I've done better on hillclimbs: Diablo as solid a 5th out of 6 as you can get, and a satisfying 2nd Ross' Epic. Small fields in each case, but the guys who beat me are guys who should be beating me. I rode well in each case.

But besides racing, my goal this year (as last year) was to crack 17 minutes up Old La Honda. My existing PR has been 17:03 from 2002. That was on a sub-16 lb Fuji Team, actually a Teschner hand-built bike for the Mercury team. The frame cracked on me last year, and I replaced it with another Fuji, this time a real Fuji, the SL/1 carbon frame, which I love. Weenied out it weighs in at a very nice 11.35 lb. So with that sort of advantage, I certainly should have been able to crack 17 minutes. But I wanted a bit more: I wanted to further beat my previous time by enough to offset the difference in bike weight.

It's rare -- very rare, in fact, I get to try for a "real time" up Old La Honda. Normally I've ridden hard Saturday and Sunday. I go into Tue still not fully recovered, then do some brutal interval or sprint session. On Wednesday, I'm hardly firing on all cylinders. Then if I do the climb, I'm carrying a pump and tool bag, probably with a full waterbottle. These are not the ways to get a PR. To really nail the climb you need to strip down all extra weight, come in with fresh legs, get an optimal warm up riding close to threshold but not over, and bring your best equipment. The last time I'd done this had been 2006, when I scored a tepid 17:43 at the Low-Key Hillclimb.

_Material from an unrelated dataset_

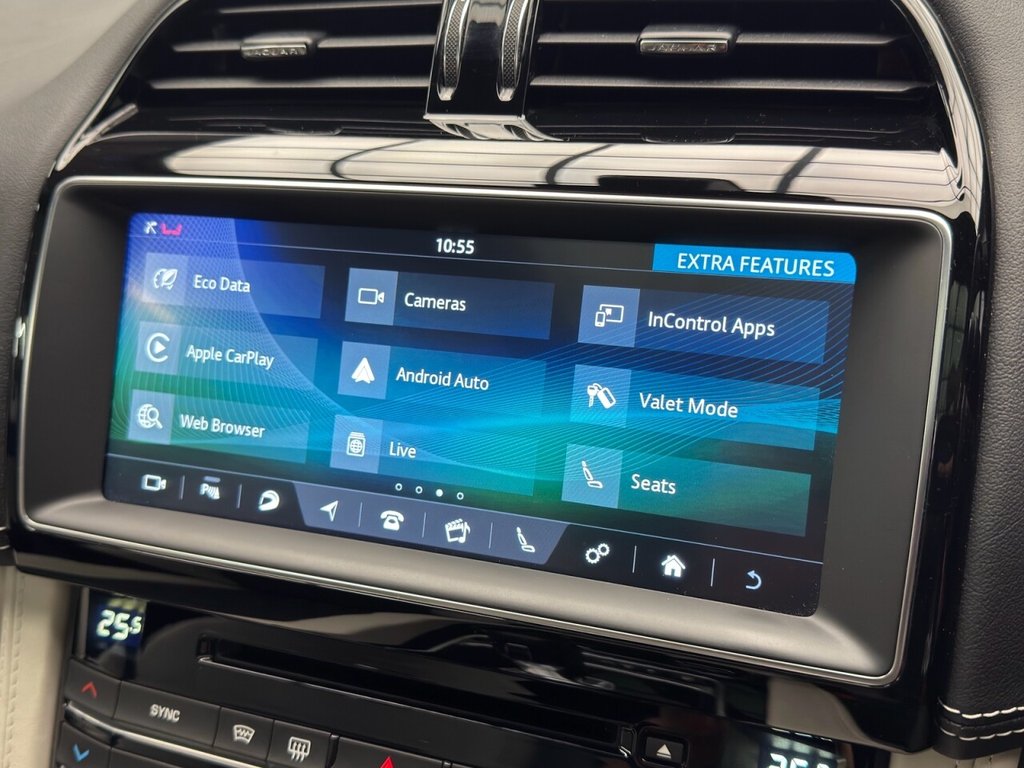 Used Jaguar F-Pace 2019 for sale - 77764763: Photo 46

2006 Low-Key up OLH (Sheri Greenspan photo)

I am lighter now then I was then, and have been training smarter, so expected more. Indeed, my recent times have been close to this just on the Noon Ride, riding my steel Ritchey Breakaway with boat-anchor Powertap rear clincher wheel and a typically heavy front clincher wheel.

Yesterday I realized I had my chance. After a solid climbing workout last Wednesday, I'd had good preparation: a long massage + light ride on Thursday, no ride (travel) on Friday, a steady ride @ Diamond Valley on Saturday, a steady climb of Carson Pass on Sunday, then recovery on Monday. Freshness without staleness. Plus, the air temperature was essentially perfect: warm but not hot. The only downer was a 12 mph westerly wind. Old La Honda's eastern slope is well sheltered from westerly winds, but even an undetectable breeze can be worth 10 seconds.

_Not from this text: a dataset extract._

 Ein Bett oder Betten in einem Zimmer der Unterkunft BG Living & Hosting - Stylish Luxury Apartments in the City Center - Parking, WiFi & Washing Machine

So anyway, with my bike fully weenied (if I'd gotten a flat, it would have been a long walk back to the office...), I set off on the Noon Ride. They were doing the Tue Double Alpine route, which was perfect as it reduced the pace on Alpine to the Portola intersection. They continued on up Alpine, while I bailed on Portola for a moderate spin to Old La Honda Road.

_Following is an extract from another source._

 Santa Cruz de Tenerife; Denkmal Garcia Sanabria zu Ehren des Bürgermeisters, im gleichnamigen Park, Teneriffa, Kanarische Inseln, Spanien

During the spin, I selected on my strategy: put it in the 36/18 and keep that gear spinning. In lieu of a power meter, which I'd left at home in favor of the considerable mass savings of my Mt Washington rear wheel, I'd go old school: pace using gears and cadence. Old La Honda's grade varies considerably on a short-scale, but over longer length scales it's remarkably consistent. So a constant cadence in a constant gear means a relatively constant rate of altitude gain and a relatively constant power output.

The pace felt way too easy at the bottom. But I knew from experience with the Powertap that even what feels easy at the bottom can result in struggling in the final kilometers, and it was important to hold my power the full distance. Unlike when I pace with the power meter, however, I resisted the temptation to upshift when the grade reduced. I was married to that 18 cog. In the final kilometer, I'd reconsider.

As the climb progressed, it became harder to keep that gear spinning. But never too bad. When I hit the "3 mile" marker, with 500 meters to go, I knew it was time to ramp it up. Here I switched to alternating between the 17 and 18 cog, following the grade allowed, finally jamming it in the last 200 meters. I hit my watch, not really expecting that I'd achieved my goal.

But there it was: 16:49.44. I'd done it, at long last, and with time to spare.

So what about the weight? I'd had much lighter shoes in 2002 (custom 4-hole Rocket 7's versus my heavy Sidi Megas with Speedplay cleat adaptor plates, a total difference of close to 200 grams), but my helmet was around 70 grams heavier then. My bike was the big difference: around 4.5 lb lighter. So let's call the net difference around 4.1 lb. I weighed 124.4 lb yesterday morning, then add in 3.1 lb for clothing, shoes, and helmet. The net result is 4.1 lb would be around 2.9% of total mass. Given my calculations I've recently posted here, this would increase my time by around 1.8%, 18.05 seconds, bringing me up to 17:07.5, 4 seconds away from my 2002 time. Still, were I to add in the headwind, the two efforts are probably similar.

One potential advantage is tires. I'd have used some ultra-light Michelin clinchers in 2002 with ultra-light butyl tubes. This time: Veloflex Record tubulars, which have exceptionally low rolling resistance. And of course the state of the pavement varies. There's a lot of patching on the road today, but I think it's better than in 2002.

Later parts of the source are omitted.